ですがご覧のとおり、スペシャルティコーヒーに出てくる香りには、フルーツだったり、お花だったり、スパイスだったり、いろんなほかの食べ物に例えられるような香りだったり、味で表現されるんです。
▽西本
凄く繊細なんですね。コーヒーのフレーバーって。
▼萩原
そうですね。すごく繊細に表現されるものです。
スペシャルティコーヒーの世界では、よりこの風味がユニークで、他にはない独自のものであればあるほど、評価は高いという風にされていますね。
コーヒーのグレードを決めるもう一つに要素「トレーサビリティ」とは
▼萩原
続きまして、スペシャルティコーヒーの必要条件その2。トレーサビリティが取れること。
▽西本
トレーサビリティ…?
なんか凄そうなカタカナが出てきましたね。
▼萩原
トレーサビリティというのは、追跡可能性のことです。
農作物だったり製品だったりが、どこで作られて、誰が作って、どういう道を辿って、私たちの手元に届いたのか。その記録がトレーサビリティです。
▽西本
そのモノの背景ってことですか?
▼萩原
そうですね。コーヒーのストーリーに透明性があり、どこの何物かがわかること。ここにたどり着くまでの足取りがわかることを、トレーサビリティが取れるという言い方をします。
一杯のコーヒーになるまで
▼萩原
これは農作物としてのコーヒーが、一杯のコーヒーになるまでの大まかな流れを表した図になります。
▽西本
これがコーヒーの実ですか?
▼萩原
コーヒーの実ですね。基本的に赤く熟すことが多いです。
品種によって黄色だったり、ピンクだったりすることもあるんですけど、赤く熟すサクランボみたいな実がなるのが、コーヒーの木ですね。

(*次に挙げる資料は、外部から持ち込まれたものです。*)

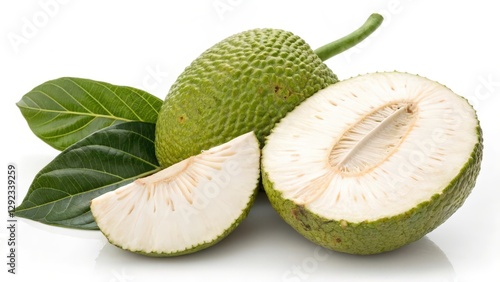 Breadfruit, sliced, leaves, white background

農園で栽培されて、収穫され、それから生産処理という工程に進みます。これは、コーヒーの果実から種を取り出す工程ですね。
ここも色々なやり方があって、その方法によって、また味わいが大きく変わってきたりします。
そのあと乾燥させて、生産国から消費国へ輸出されます。コンテナで船に積まれて、それが日本に着いて、僕らのような焙煎業者の手元にやってくる。
そしてロースティング、焙煎という工程に進みます。
▽西本
あー!そこにある機械が?
▼萩原
そうです。ここにある焙煎機、こういう機械を使って熱が加えられて、コーヒーが飲めるような状態になっていきます。
その焙煎されたコーヒー豆が、いろんなやり方で液体になる。そして液体になったものがカップに注がれて、コーヒーとしてみなさんが楽しむと。
これが一連の流れです。
▽西本
コーヒーの成長日記みたいですね。この一杯にありがたみが感じられます。遠くから来たんだこの一杯って思いますね。
FROM SEED TO CUP という合言葉
▼萩原
一般的に、収穫されてから手元でコーヒーになるのに、早くて3,4ヶ月くらいはかかるかなと思います。長いものだと1年以上かかるものもあったりします。

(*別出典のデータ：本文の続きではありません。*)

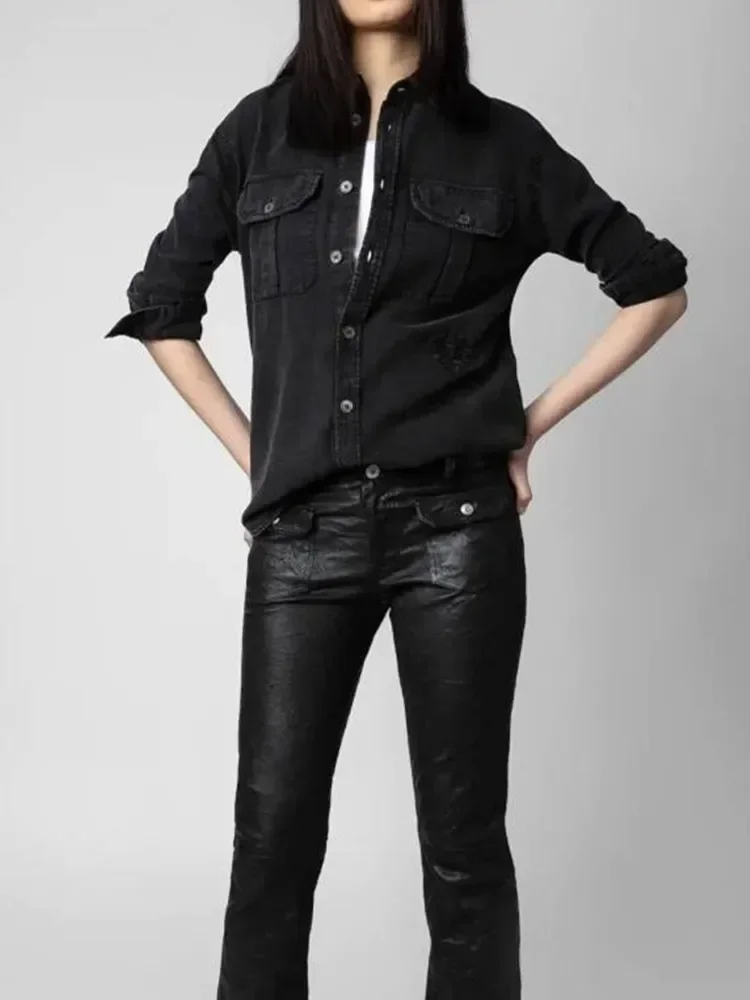 

Весна 2023, женская джинсовая рубашка с вышивкой и отложным воротником, модная женская однобортная блузка с длинным рукавом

で、この収穫から生産処理、輸送っていう流れで、誰がどのように関わったかがわかる。種子からカップまでの道筋で、全て透明性があるようにすることをFROM SEED TO CUPという合言葉をつけて呼んでいます。
食品の安全安心みたいな意味合いもありますが、大切なのは生産者の顔が見えるということですね。
誰が作ったのかはっきりするっていうのが凄く大切なことです。この人は良いコーヒー作るよね!っていうことを、顔で覚えていたいんですよね。
というのも、コーヒーの値段、農家さんからコーヒーを買取する値段っていうのは、基本的に先物取引です。市場価格で決まります。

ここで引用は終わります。